608-262-5814 tel
608-263-4190 fax
rabryson@facstaff.wisc.edu


Reid Bryson received his B.A. degree in geology at Denison University in 1941, and his Ph.D. in meteorology at the University of Chicago in 1948. He joined the faculty of the UW-Madison in 1946 at the end of his military service as a major in the Air Weather Service of the U.S. Arny Air Corps. His first appointment was in the Departments of Geography and Geology (in which he had been a graduate student before World War II).

In 1948, he became the founding chairman of the Department of Meteorology, which has since become the largest and one of the most prestigious meteorology departments in the nation. During the late 1960's, he was active in the university's Interdisciplinary Studies Committee on the Future of Man and in subsequent committees that led to the establishment of the Institute for Environmental Studies, of which he became the first director in 1970.

Over his long career as scientist and teacher, Reid Bryson has significantly advanced the understanding of climate, people, and the environment. He has written more than 200 articles and five books ranging over the fields of geology, limnology, meteorology, climatology, archeology, and geography.

His book, Climates of Hunger, co-authored with Thomas Murray, received the Banta Medal for Literary Achievement, one his articles, a mixture of poetry and science, was chosen as the "outstanding learned article of 1981" by the Educational Press Association, and two papers in Environmental Conservation were awarded prizes for "best paper of the year."
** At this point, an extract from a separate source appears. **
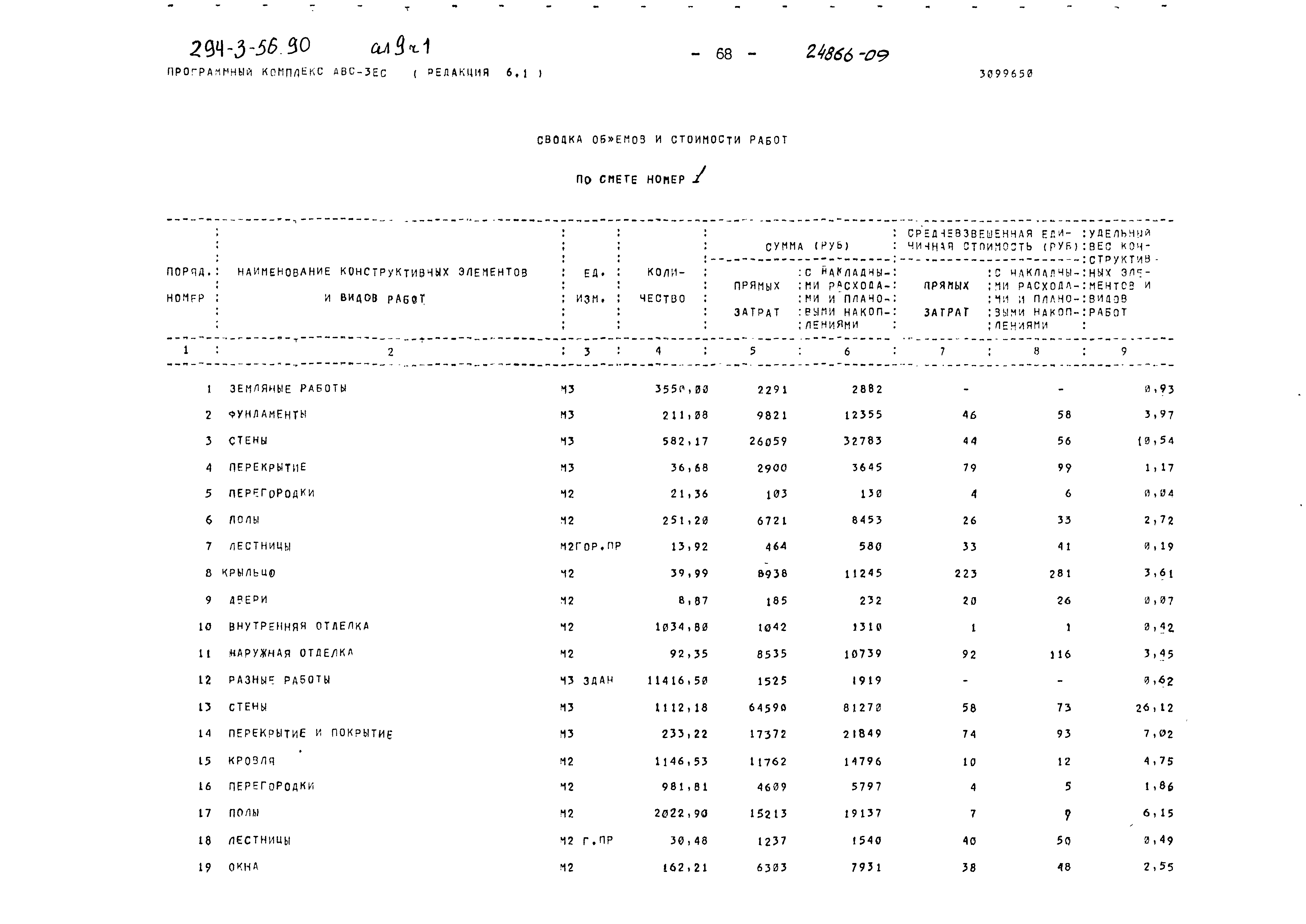 Типовой проект 294-3-56.90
Much of Bryson's work has dealt withclimate in relation to human ecology, and this has lead him into extensive travel, especially 26 trips to Asia where he worked primarily on anthropogenic changes of climate and landscape in general. The most obvious result of this work is seen in the introduction of pen-feeding of goats in Rajasthan, which he suggested in the mid-1960s and is now widespread and effective. Other work was on agricultural long-range forecasting of climate, especially the Indian monsoon. His best known laboratory works are in development of new approaches to climatology, such as airstream analysis and quantitative, objective methods of reconstructing past climates. He has also developed computer models of climate: the past history of the monsoon in Rajasthan, model simulation of Pleistocene ice-volume and Pleistocene climatic history. He recently published a model simulation of the West African Intertropical Convergence position and rainfall for the past 20-40 millennia, and has now extended that work on high-resolution climate modeling to specific archaeological sites and in montane regions. He is also working on three books.
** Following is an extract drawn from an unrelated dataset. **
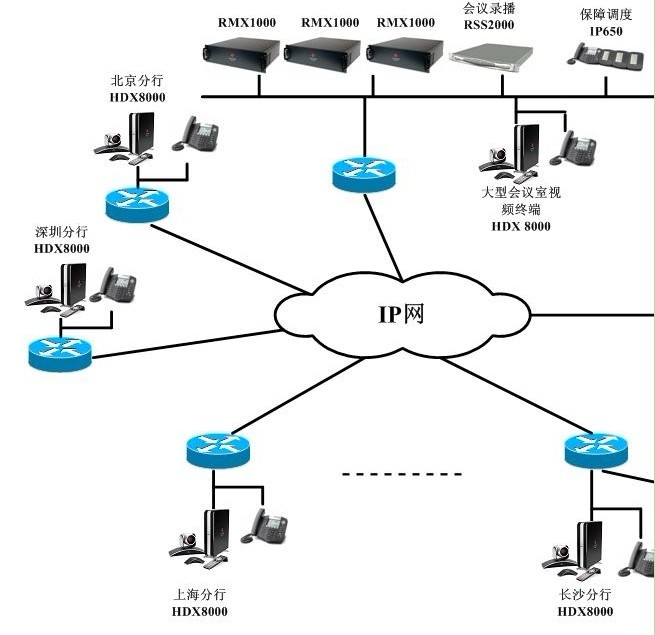 China Merchants Bank HD video conference application case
Though born in Michigan in 1920, he regards Wisconsin as his home state, his profession as teaching, and his field as interdisciplinary earth science with a strong humanistic component.


Additional notes of interest

  • 30th PhD in Meteorology in the history of American education.
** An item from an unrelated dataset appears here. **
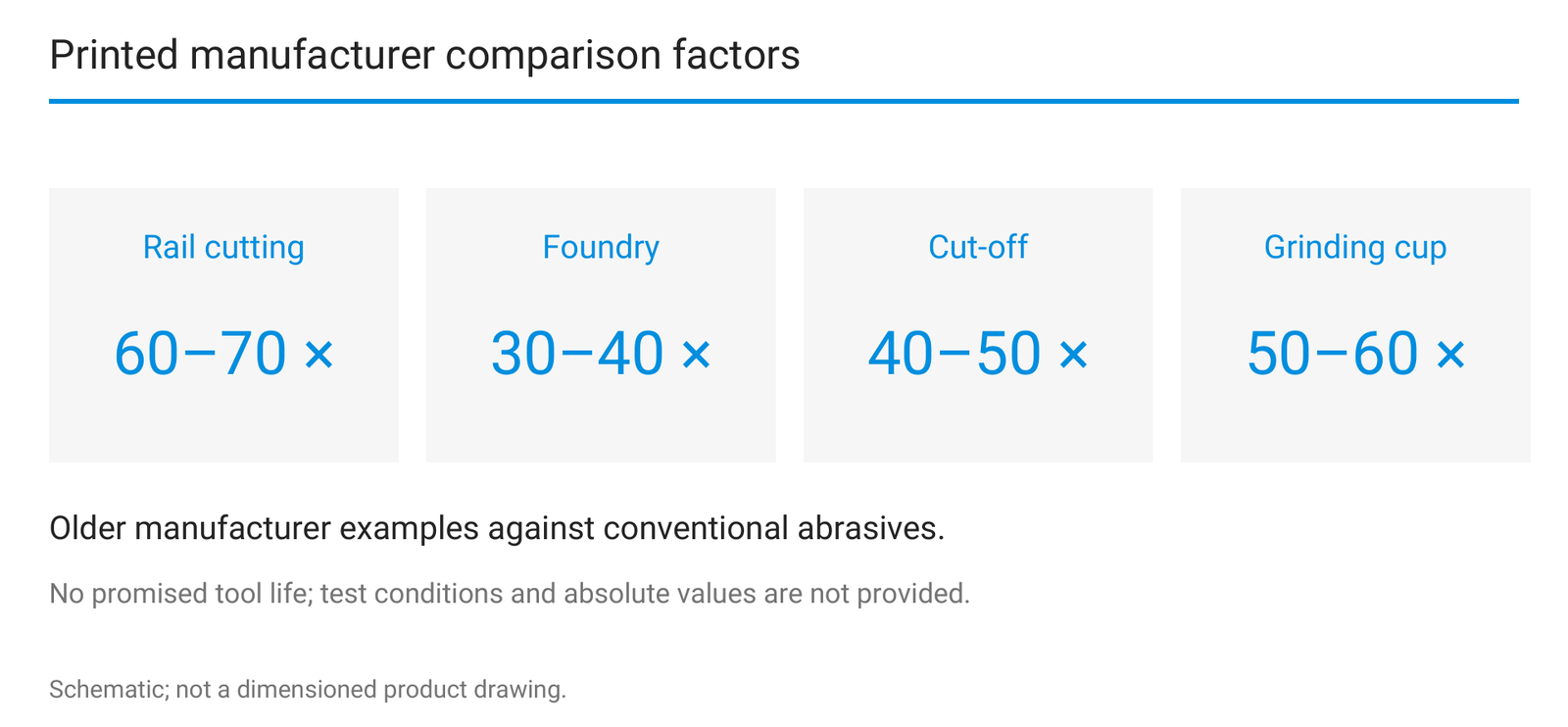 Source factors as manufacturer examples; no newly calculated bars or measured values.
  • Most cited climatologist in the world according to British Institute of Geographers article, 5th most cited physical geographer and 11th in list of all geographers.

  • Over 230 publications, 5 books

  • Dr. Reid Bryson's volcanic eruptions and aerosol optical depth data has been added to the World Data Center for Paleoclimatology in Boulder, Colorado. The data is available at

    ftp://ftp.ngdc.noaa.gov/paleo/climate_forcing/bryson1988.

    The suggested citation for the data is:

    Bryson, R.A., 2002, Bryson 1988 Volcanic Eruptions and Aerosol Optical Depth Data. IGBP PAGES/World Data Center for Paleoclimatology Data Contribution Series #2002-022. NOAA/NGDC Paleoclimatology Program, Boulder, CO, USA.